Yes, you certainly can use fresh dill instead of dried if you have it on hand! If you'd like to substitute keep in mind that about 1 tsp of dried dill is equal to 1 tbsp of fresh dill.
For this recipe I used 1 ½ tbsp of dried dill weed, so that would equal about 4 ½ tbsps of fresh dill weed.
Dill Dip Recipe Variations
Add some crumbled bacon and diced red onions to the dill dip before serving – this will give it an irresistibly savory crunch!
For an extra zesty flavor, add a few teaspoons of prepared horseradish or garlic powder to the sour cream and mayonnaise mixture. This is great if you're having guests who appreciate bold flavors.

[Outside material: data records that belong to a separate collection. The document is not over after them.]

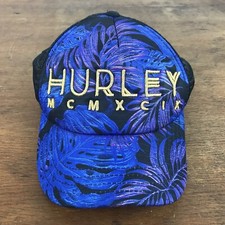 Hurley MCMXCIX YOUTH Polyester Mesh Snapback Baseball Cap Hat CH47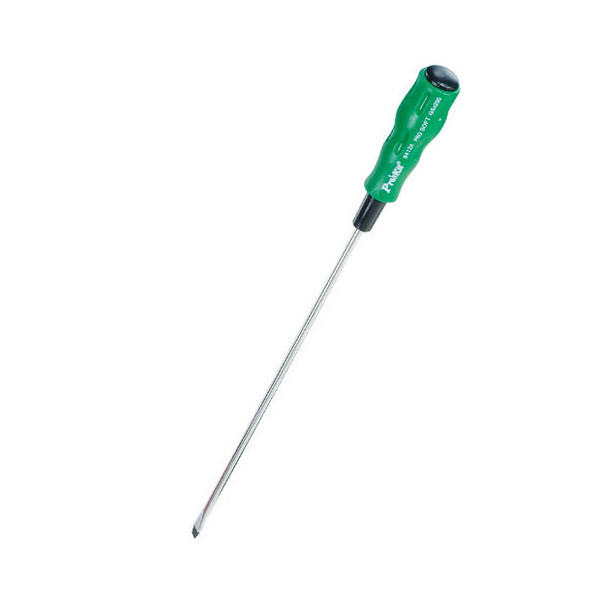Pro'sKit 800-020 3/16 x 10" Straight Blade Screwdriver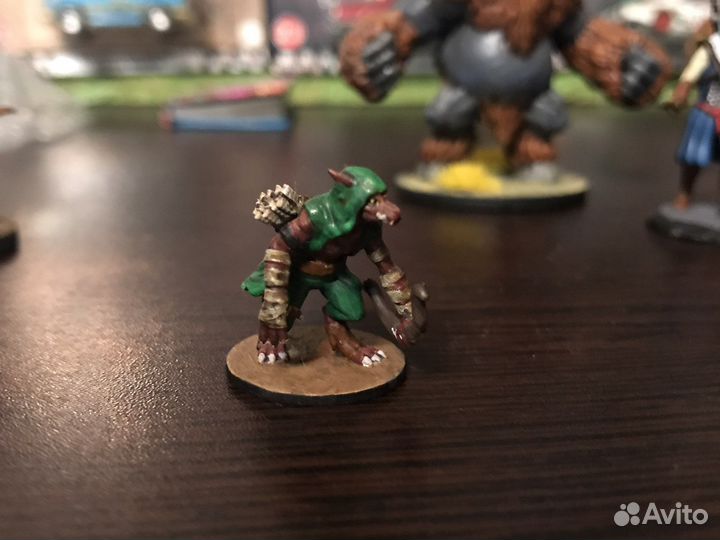 Фигурки днд, пасфайндер, нри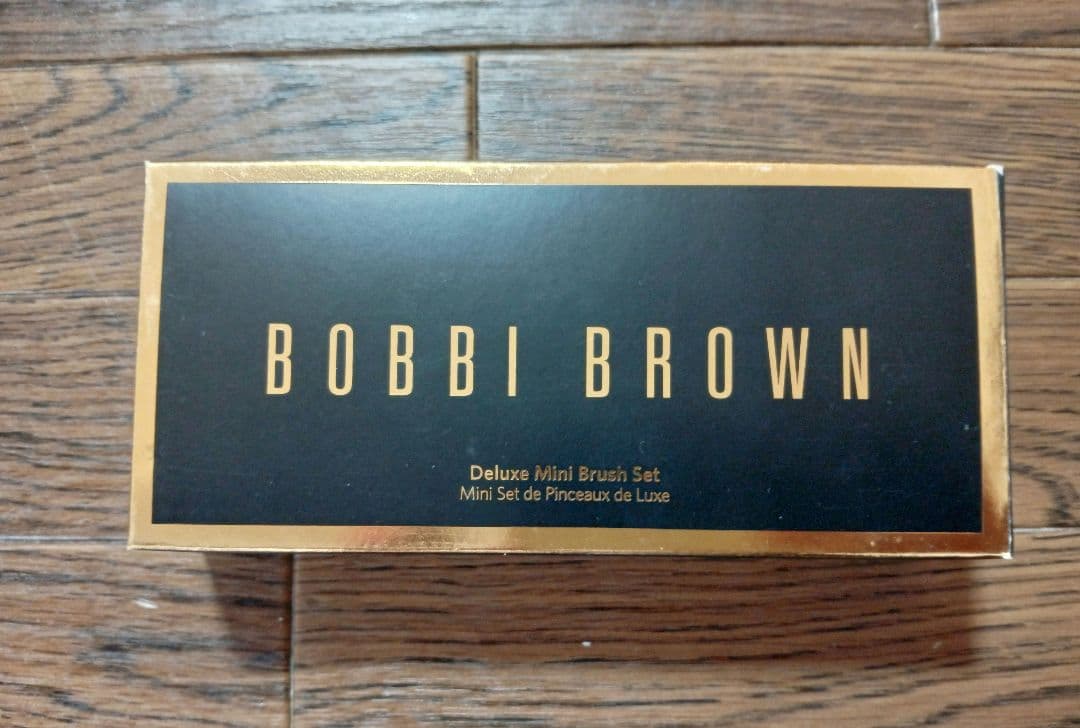 【レア】BOBBI BROWN ボビイブラウン デラックスミニブラシ 6本セット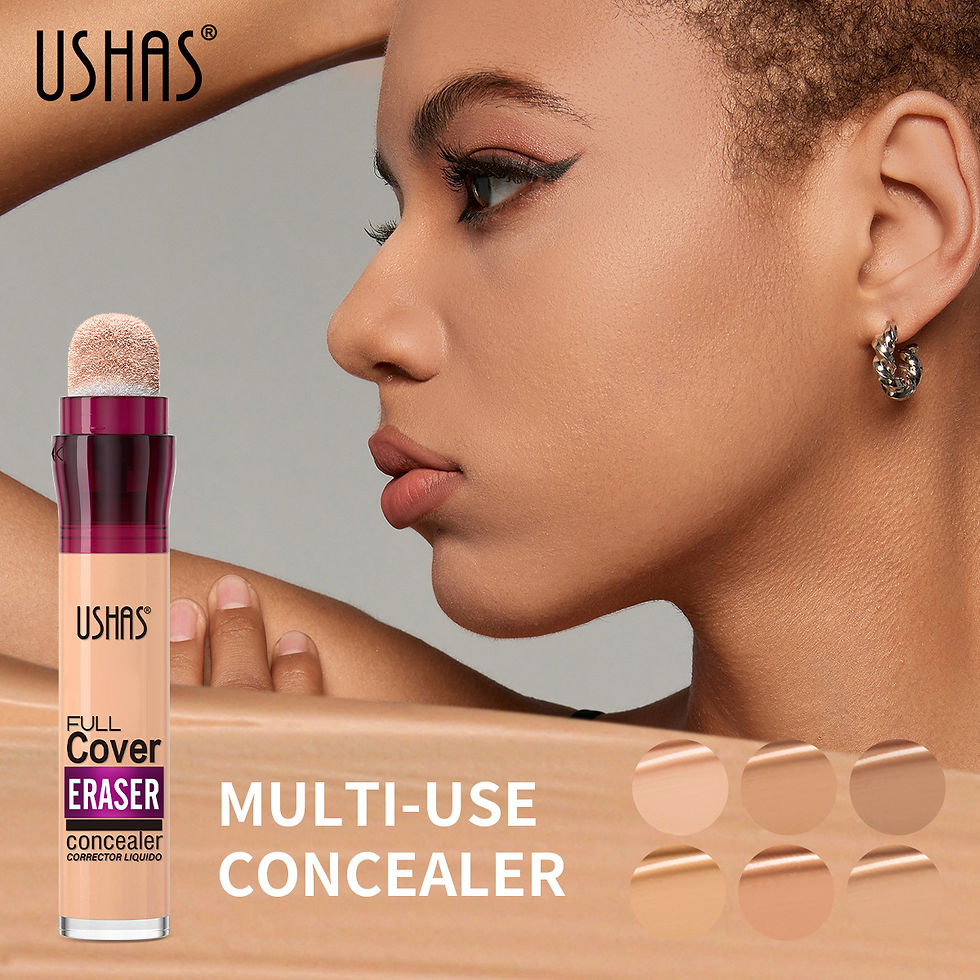 Thumbnail: Facial Concealer Sponge Head Matte Liquid Foundation Makeup Oil Control Long Las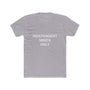 Unisex Cotton Crew Tee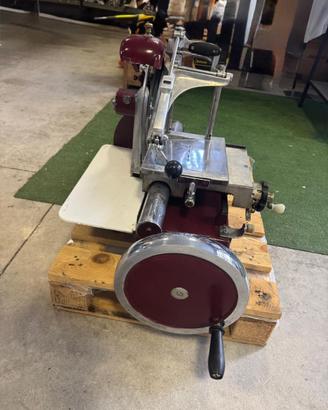 Affettatrice Cima a volano lama 300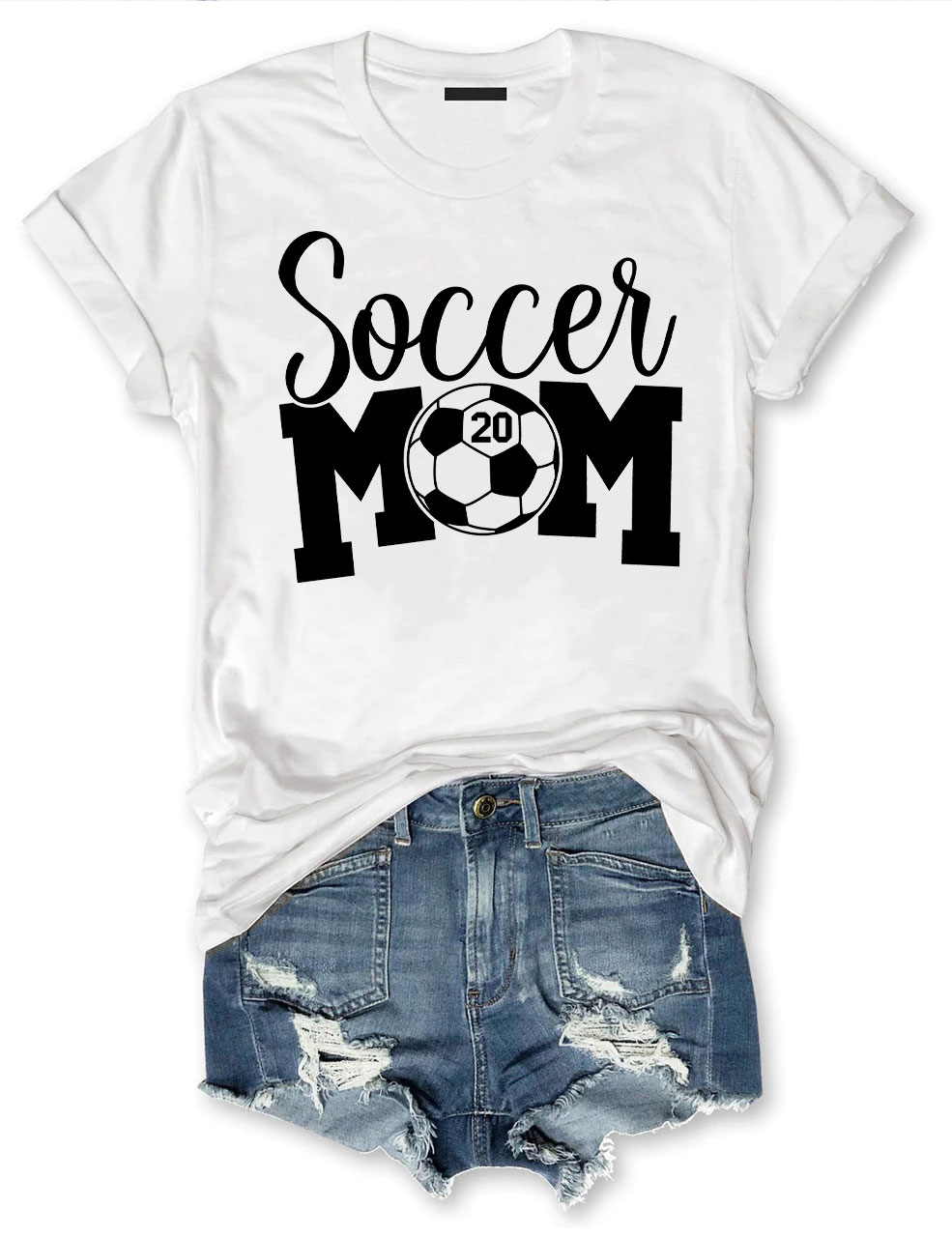 Custom Soccer Mom T-shirt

Use Fresh Dill to replace dried dill weed: It's always nice to use fresh ingredients! A quarter cup of fresh dill can be used to substitute the 1 ½ tbsp of dried dill (or approximately 3 times more – 4.5 tbsp of fresh dill). Fresh herbs have a a less intense taste than dried herbs, so dried dill boasts a more concentrated flavor than fresh dill, which it acquires through the drying process. This is why you have to use a significantly higher amount of it to capture the same intensity of taste.
Use Fresh Parsley to replace dried parsley flakes: Replace the 1 teaspoon of dried parsley flakes with 1 tablespoon of fresh parsley.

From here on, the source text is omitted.